(INPUT)
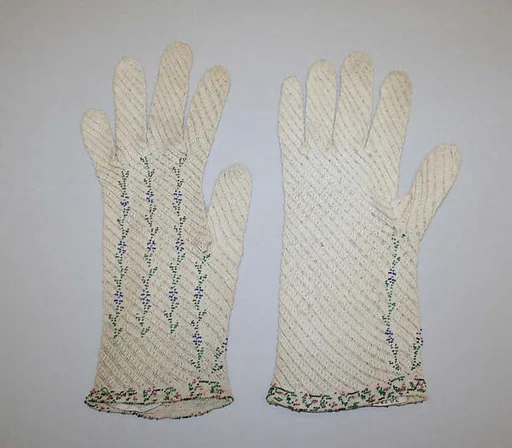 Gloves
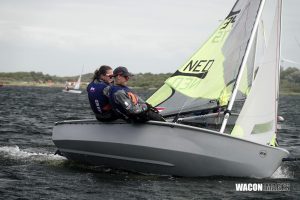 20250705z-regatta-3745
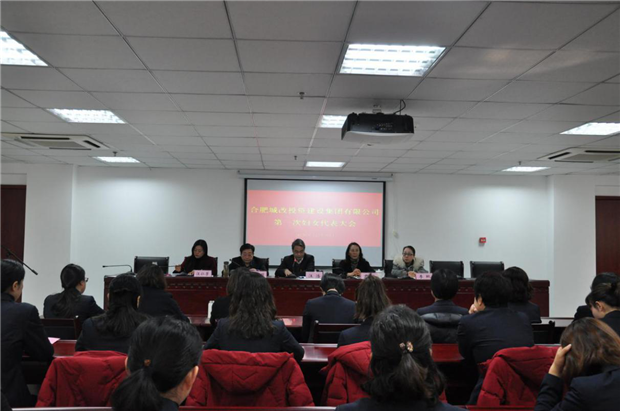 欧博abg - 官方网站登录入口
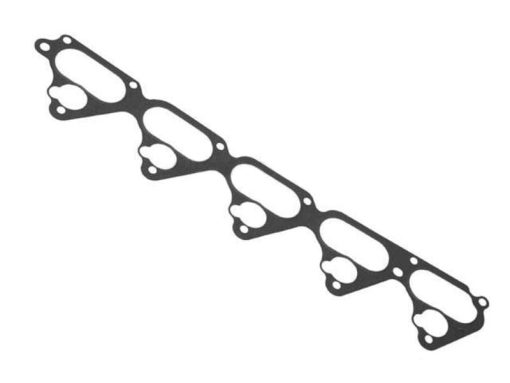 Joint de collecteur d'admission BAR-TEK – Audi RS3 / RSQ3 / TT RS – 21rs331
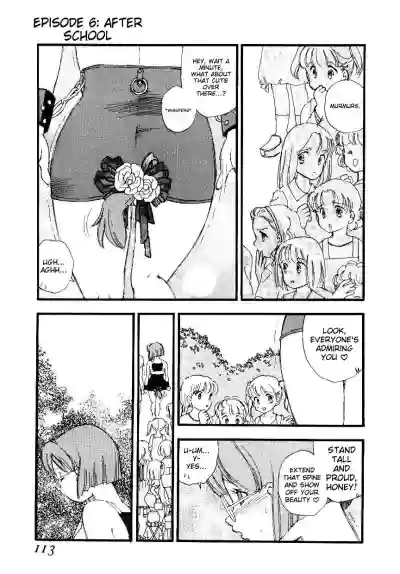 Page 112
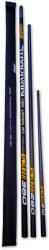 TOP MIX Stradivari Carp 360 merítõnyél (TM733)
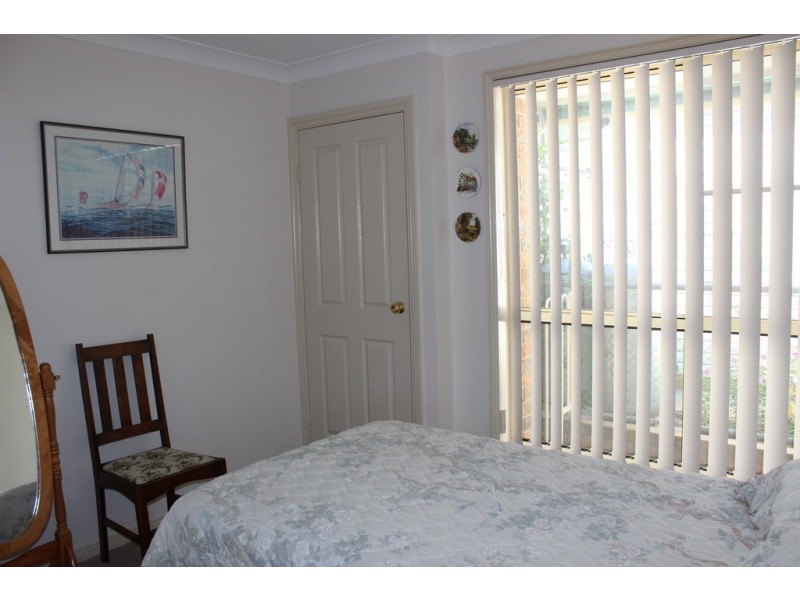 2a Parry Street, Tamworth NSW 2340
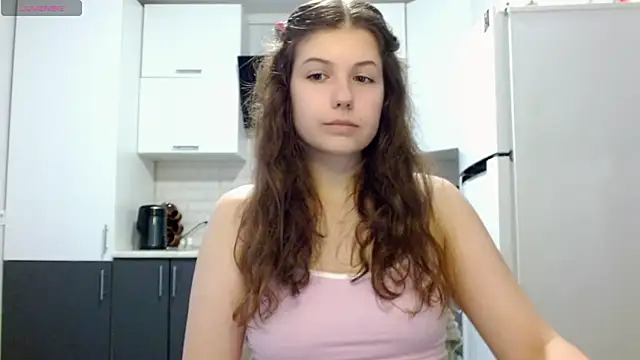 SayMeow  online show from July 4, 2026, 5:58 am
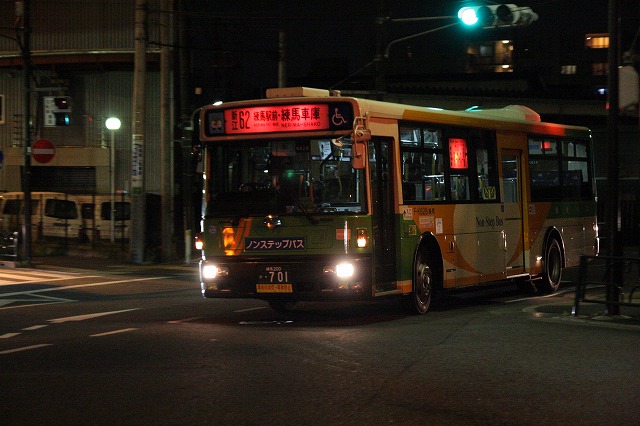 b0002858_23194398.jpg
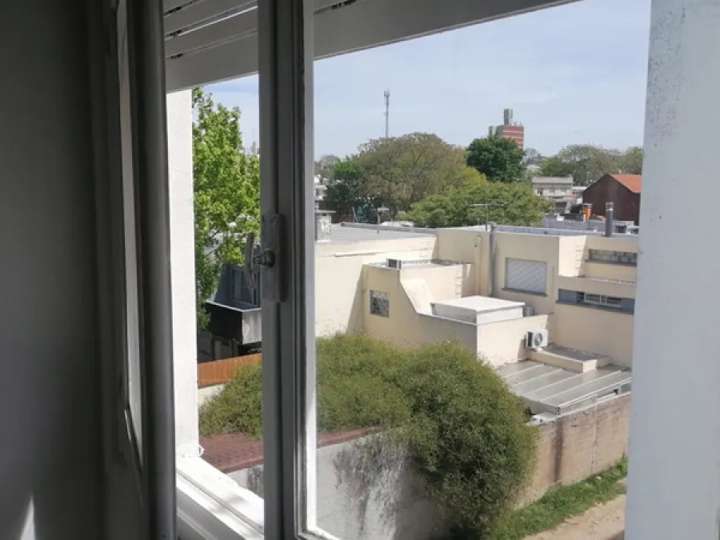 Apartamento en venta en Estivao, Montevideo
(End INPUT)
→ PROBLEM REQUIREMENTS:
Print only the lines running from the line that contains "TOP MIX Stradivari" to the final line of the listing, both included. Omit every picture.

→ RESPONSE AREA:
 TOP MIX Stradivari Carp 360 merítõnyél (TM733)
 2a Parry Street, Tamworth NSW 2340
 SayMeow  online show from July 4, 2026, 5:58 am
 b0002858_23194398.jpg
 Apartamento en venta en Estivao, Montevideo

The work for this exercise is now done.